Nunca formé parte de ninguna competición física, ni mostré
demasiado interés por ello. La vida en sí coloca tus aspiraciones psíquicas
acorde a las físicas, o al menos eso creo yo. Siempre renegarás públicamente
del deporte si no predispones tu cuerpo a ello.
Yo he sido uno
de ellos.
Mi primer dorsal
ha llegado un cuarto de siglo después, el 264 del XVII Fondo Popular de Mérida y con mucha ilusión. No he llegado en el mejor estado, ya que los dolores me han
comido la moral durante la última semana de entreno. Tampoco los nervios me han
ayudado a disfrutar plenamente del ambiente de una carrera como esta.
Fuera de sitio.
El atletismo es
un deporte muy amigable y yo llevo apenas dos meses corriendo, por lo que con
amigos dentro de él no puedo contar. Eso me convierte en un corredor solitario,
ni bueno ni malo, pero la soledad influyó sobremanera durante la carrera.
Descuidé el
calentamiento, incluso me sorprendió el pistoletazo de salida sin estar casi en
posición.
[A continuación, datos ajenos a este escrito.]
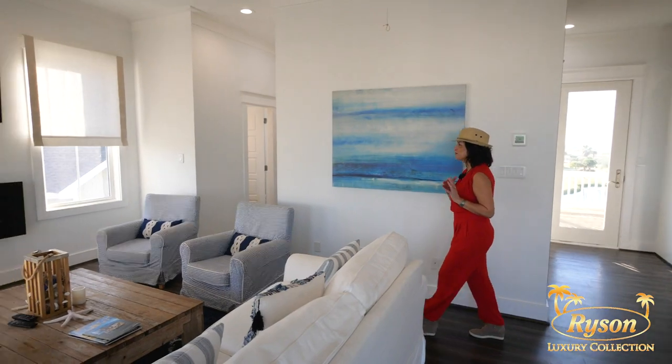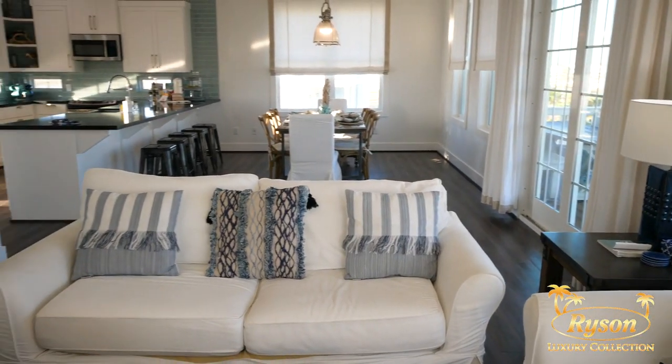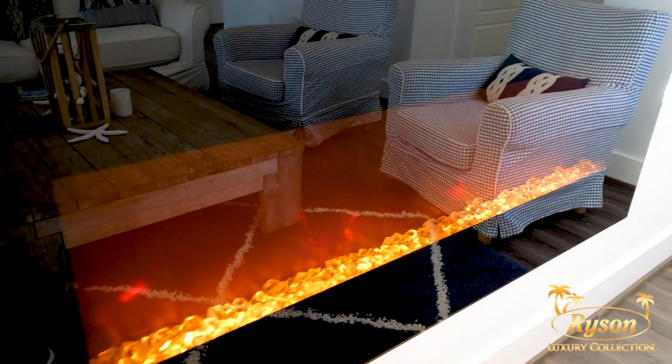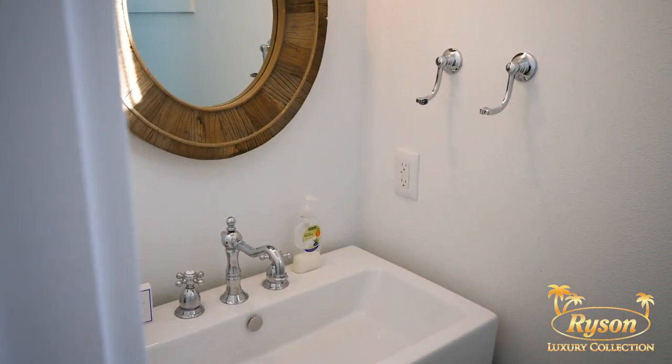The living room has this wonderful beach decor, tranquil colors, plenty of seating, and check out this cool electric fireplace — isn't that just gorgeous? And of course there's a flat screen TV, and right off the living room you're going to find a half bath.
Todo por que mi cabeza andaba sumando músculos, masas, cuerpos y me
coloqué en la parte media en la meta de salida. Calculando mi situación entre
los fibrosos atletas de la parte delantera y los populares de la parte trasera.
¡Salida!
Una salida muy
bronca. A pocos metros la vía se estrecha y se convierte en arena y parches de
alquitrán. Nos cuesta una barbaridad no pisarnos los unos a los otros, aunque
mantengo mi posición. Empiezo a notar equivocaciones, no puedo permitirme el
lujo de seguir el ritmo ajeno. Llevo apenas cien metros y las piernas avisan a
la vez que llegamos al principio del puente romano, donde por arte de magia el
grupo de delante acelera considerablemente, pierdo las referencias y empiezo a
ser adelantado.
A mitad del
puente ya he aprendido que debo hacer mi carrera.
No engancho con
nadie, lo que me hace perder referencias. Es interminable, aunque se sale de
él. Tal vez me pierde mirar dos o tres veces hacia atrás y comprobar que la
cola no está tan lejos. Sé que mi lugar debería ser más retrasado, al menos eso
pienso al mirar el cronómetro.
Hay que seguir.
Me hace bastante
ilusión atravesar el puente Lusitania corriendo, un asfalto difícil de pisar si
no es en estos casos. Igualmente, continúo solo, salvo algún runner por delante
y alguno aproximándose por detrás. Al enfilar la primera pasada por la meta me
siento bastante incómodo, no me gusta pasar entre el barullo de público ni
consigo ver a nadie conocido que me dé ánimos para seguir.
En cuanto a
tiempos, genial, si consigo hacer en el mismo tiempo en la segunda vuelta haré
sobradamente record personal. Señal de que no me he dosificado para la última
parte de la carrera.
Entonces, en
una tarde de running en la que no había pensado nada –ni mantras, motivaciones,
ni estrategia, nada- empiezan a surgirme las preguntas. Y siento cerca de nuevo el
puente romano, tan largo y solitario. Y no vuelvo a pisarlo. No continúo la
segunda vuelta.
Me tiro al
césped y por más que busque escusas, no las hay. Están en mi cabeza. Es ya en
la meta, viendo llegar al resto de corredores cuando me doy cuenta que corría
en tierra de nadie, entre el grupo de los expertos y el de los corredores al
uso y que no habría estado mal en la segunda parte de la carrera de haber
terminado.
Tenía
demasiado miedo a ser el último, sin ser consciente de que mi posición no era
mala. Y recuerdo tarde ya las palabras de mi pepito grillo en esto del Running
-el ironman Falcón-“el último es el que se ha quedado en el sofá”.
He pagado la
novatada, primera lección. La segunda y más importante, una vez que has
entrenado para correr un 5000m de nada
valen las piernas, todo es cabeza.
Con mi sobrino Sergio apoyándome.
Con mi sobrino Sergio apoyándome.
Ahora, tengo
ya en la cabeza la próxima.
Porque la
sensación de sufrir, la sensación de correr, es sumamente diferente.